LAS VEGAS — Mergers and acquisitions unleash cascading changes around the back office of a business.
Systems are reworked, people come and go and company leadership changes seemingly overnight, all in the name of a new, streamlined business.
Mergers can hit technology teams especially hard, as they are responsible for eliminating duplicate systems and creating one, centralized process.
But technology isn't the biggest obstacle in a merger.
"The people aspect was actually the hardest part," said Katherine Kountze, SVP and CIO of Eversource Energy, speaking during Thursday's keynote at the Interop IT conference in Las Vegas.
Eversource is a New England gas, water and electricity utility company serving more than four million customers in Connecticut, New Hampshire and Massachusetts. In 2012, Northeast Utilities combined with NSTAR Electric & Gas and rebranded as Eversource Energy in 2015.
The company added water utility following its acquisition of Aquarion Water Company in 2017.
Differences came down to culture and how the two companies operated technical stacks. Eversource had two or three versions of every system. On one side, systems were customized, built from the bottom up.
On the other side, the company had old, legacy technology that was 30-40 years old in some cases, said Kountze. The process "was pretty scary."
The merger was always going to be a technology integration nightmare, but Eversource had prepared for that.
System integrations are still underway and over the years, Kountze has spent most of her spent most of her time figuring out how to motivate her team, work with peers and get employees to talk about business process change, not technology.
Though it's hindsight, Kountze would have worked closer with HR and helped employees understand why they were undergoing process change and what was in it for them.
I "completely underestimated the fact human nature does not gravitate to change," she said.
The human effect
To understand the pressures placed on a utility during an organization requires understanding the business imperative.

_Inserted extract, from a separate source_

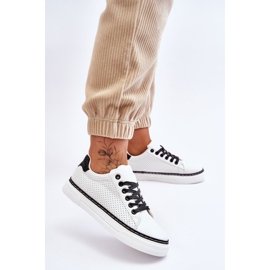 BM Ženske niske perforirane tenisice bijelo-crne Daxton bijela crna 2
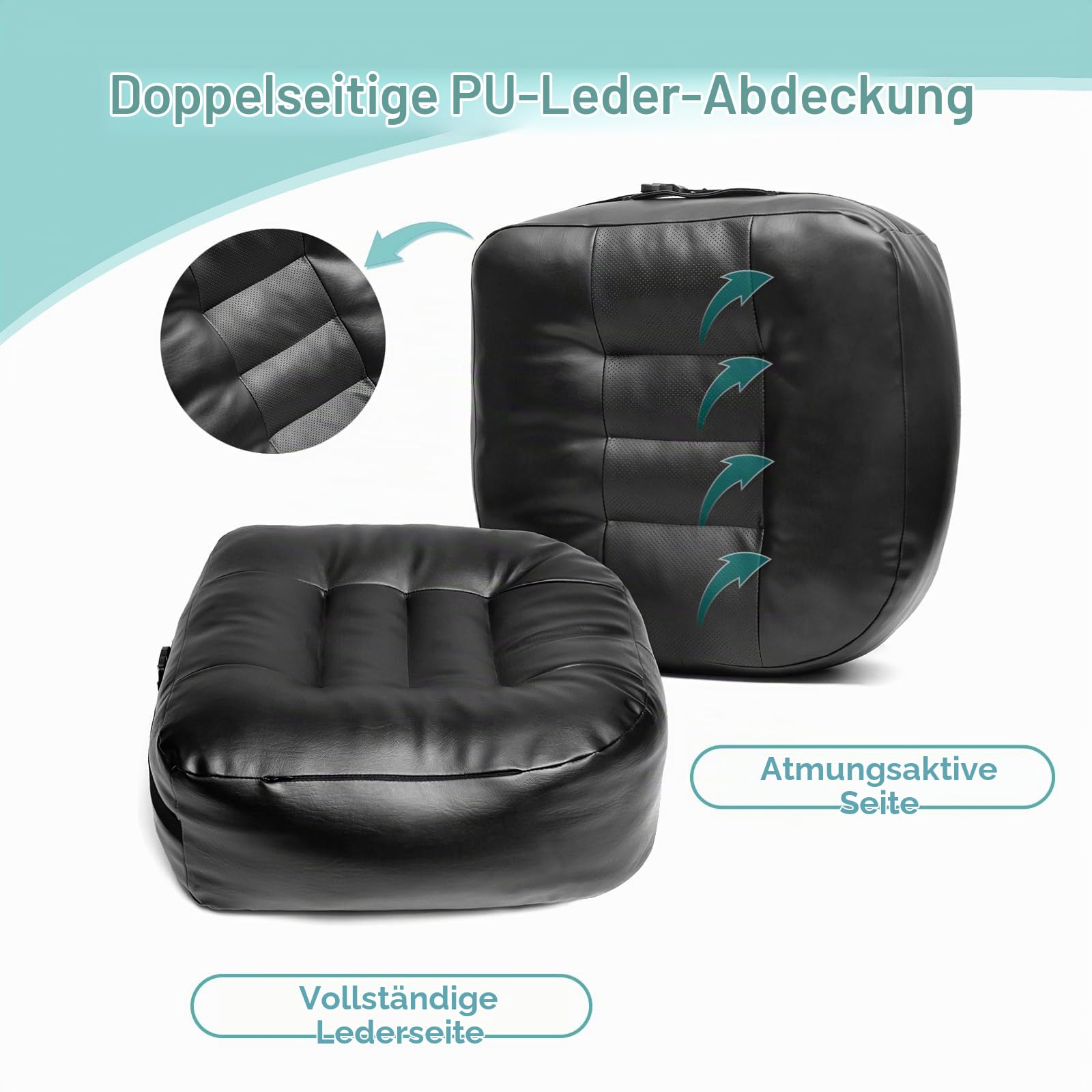 YOUFI Kunstleder Sitzkissen für Bürostuhl – Dicke Sitzerhöhung – volle Füllung für Unterstützung – mit atmungsaktivem Lederbezug, Griff und Schnalle – lindert Rückenschmerzen – (45 x 40 x 11 cm)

When a site goes down for a retail company, it's a nuisance. When a utility suffers an outage, it can impact public health and safety.
During a Nor'easter, for example, storms can take power offline for entire regions for extended periods of time.
"From an IT perspective, because we have to maintain all the systems that support the restoration effort, on a day like today they're important," Kountze said. "But on a day when you have 100,000 customers plus without power and without heat, those systems have to hum. They take on a whole new meaning."
During an outage, customer experience needs to be solid and responsive. Customers will hit outage maps at record numbers, stalk the site for information and flood call centers with concerns, quickly and heavily taxing IT systems until services are restored.
Call it the Amazon effect, but customers have a high standard for services, even in emergency situations.
The 2012 merger served as an opportunity to go greenfield with some new solutions. Choosing software as a service solutions allowed them to move quickly. Eversource also adopted platform as a service to rehost some environments.
It is now beginning infrastructure as a service adoption for some dormant environments, like test training and development, Kountze said.
There's still a long way to go. The organization "mistakenly thought" it would hit peak projects and integration initiatives by 2017. But work is still underway and focus is turning to operations, and the two to three systems the company still has to replatform.
The forward-looking tech strategy, worked for some underlying systems, but it pushed customer experience to the backseat.
"When we went into the merger we were very focused on integrating and becoming one company and we lost a few years of the whole customer experience piece," Kountze said. In the last two to three years, Eversource has "had to play a lot of catch up there."